TRY IT -
Up to the line containing "13506 Boulder Creek", nothing is kept; from that line through the end of the data below, output every line exactly.

RECORDS PROVIDED -
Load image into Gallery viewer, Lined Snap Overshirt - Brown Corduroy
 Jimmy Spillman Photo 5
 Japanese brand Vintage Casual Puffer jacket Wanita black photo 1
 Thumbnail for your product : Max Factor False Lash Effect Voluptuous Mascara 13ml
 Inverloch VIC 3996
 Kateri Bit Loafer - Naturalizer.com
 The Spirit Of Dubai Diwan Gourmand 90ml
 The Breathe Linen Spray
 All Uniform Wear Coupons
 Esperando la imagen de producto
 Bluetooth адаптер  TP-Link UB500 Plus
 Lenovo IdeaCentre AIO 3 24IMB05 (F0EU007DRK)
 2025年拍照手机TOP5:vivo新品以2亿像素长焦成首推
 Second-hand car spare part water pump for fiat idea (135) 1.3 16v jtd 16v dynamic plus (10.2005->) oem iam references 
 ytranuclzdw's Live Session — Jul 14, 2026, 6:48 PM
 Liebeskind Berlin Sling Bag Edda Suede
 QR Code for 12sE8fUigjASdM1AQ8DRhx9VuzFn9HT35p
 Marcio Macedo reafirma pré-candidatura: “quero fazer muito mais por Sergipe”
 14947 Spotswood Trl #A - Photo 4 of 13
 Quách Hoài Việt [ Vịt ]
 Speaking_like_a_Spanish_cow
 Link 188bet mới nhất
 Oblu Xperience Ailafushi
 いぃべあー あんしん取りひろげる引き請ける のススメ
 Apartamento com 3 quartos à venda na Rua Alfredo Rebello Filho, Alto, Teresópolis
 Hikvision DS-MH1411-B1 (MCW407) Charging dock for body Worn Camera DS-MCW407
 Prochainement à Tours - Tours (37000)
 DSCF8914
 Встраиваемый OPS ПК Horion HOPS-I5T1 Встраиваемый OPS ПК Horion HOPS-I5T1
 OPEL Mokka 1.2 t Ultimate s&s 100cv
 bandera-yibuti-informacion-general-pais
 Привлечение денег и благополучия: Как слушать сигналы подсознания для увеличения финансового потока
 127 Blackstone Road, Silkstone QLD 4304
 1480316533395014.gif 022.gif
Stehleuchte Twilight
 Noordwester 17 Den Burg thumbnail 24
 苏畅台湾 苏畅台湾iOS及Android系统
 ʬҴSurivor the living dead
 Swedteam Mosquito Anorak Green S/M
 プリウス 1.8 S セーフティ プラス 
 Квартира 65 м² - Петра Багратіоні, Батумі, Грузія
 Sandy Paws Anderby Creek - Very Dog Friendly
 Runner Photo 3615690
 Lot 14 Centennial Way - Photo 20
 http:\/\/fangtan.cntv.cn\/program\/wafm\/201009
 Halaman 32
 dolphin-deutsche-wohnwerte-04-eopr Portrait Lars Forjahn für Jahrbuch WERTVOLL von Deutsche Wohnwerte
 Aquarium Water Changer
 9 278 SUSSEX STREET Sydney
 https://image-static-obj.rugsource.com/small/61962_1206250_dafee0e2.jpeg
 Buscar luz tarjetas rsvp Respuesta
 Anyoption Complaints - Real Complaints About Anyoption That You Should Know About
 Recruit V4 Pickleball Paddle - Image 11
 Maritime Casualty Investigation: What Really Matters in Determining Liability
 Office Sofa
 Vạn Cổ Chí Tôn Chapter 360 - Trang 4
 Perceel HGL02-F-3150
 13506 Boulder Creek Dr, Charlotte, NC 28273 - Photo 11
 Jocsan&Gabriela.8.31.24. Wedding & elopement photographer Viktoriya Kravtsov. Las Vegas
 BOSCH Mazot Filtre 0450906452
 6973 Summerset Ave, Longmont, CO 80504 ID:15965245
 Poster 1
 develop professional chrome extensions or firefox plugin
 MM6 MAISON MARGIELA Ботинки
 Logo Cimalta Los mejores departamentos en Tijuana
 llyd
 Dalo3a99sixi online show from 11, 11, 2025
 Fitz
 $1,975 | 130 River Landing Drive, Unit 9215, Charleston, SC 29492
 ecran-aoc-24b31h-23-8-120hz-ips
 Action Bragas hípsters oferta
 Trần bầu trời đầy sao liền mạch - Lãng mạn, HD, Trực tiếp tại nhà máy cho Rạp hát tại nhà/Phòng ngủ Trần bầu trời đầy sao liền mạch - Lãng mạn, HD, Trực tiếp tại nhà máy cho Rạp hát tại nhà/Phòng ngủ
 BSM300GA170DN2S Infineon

COMPLETED TASK -
 13506 Boulder Creek Dr, Charlotte, NC 28273 - Photo 11
 Jocsan&Gabriela.8.31.24. Wedding & elopement photographer Viktoriya Kravtsov. Las Vegas
 BOSCH Mazot Filtre 0450906452
 6973 Summerset Ave, Longmont, CO 80504 ID:15965245
 Poster 1
 develop professional chrome extensions or firefox plugin
 MM6 MAISON MARGIELA Ботинки
 Logo Cimalta Los mejores departamentos en Tijuana
 llyd
 Dalo3a99sixi online show from 11, 11, 2025
 Fitz
 $1,975 | 130 River Landing Drive, Unit 9215, Charleston, SC 29492
 ecran-aoc-24b31h-23-8-120hz-ips
 Action Bragas hípsters oferta
 Trần bầu trời đầy sao liền mạch - Lãng mạn, HD, Trực tiếp tại nhà máy cho Rạp hát tại nhà/Phòng ngủ Trần bầu trời đầy sao liền mạch - Lãng mạn, HD, Trực tiếp tại nhà máy cho Rạp hát tại nhà/Phòng ngủ
 BSM300GA170DN2S Infineon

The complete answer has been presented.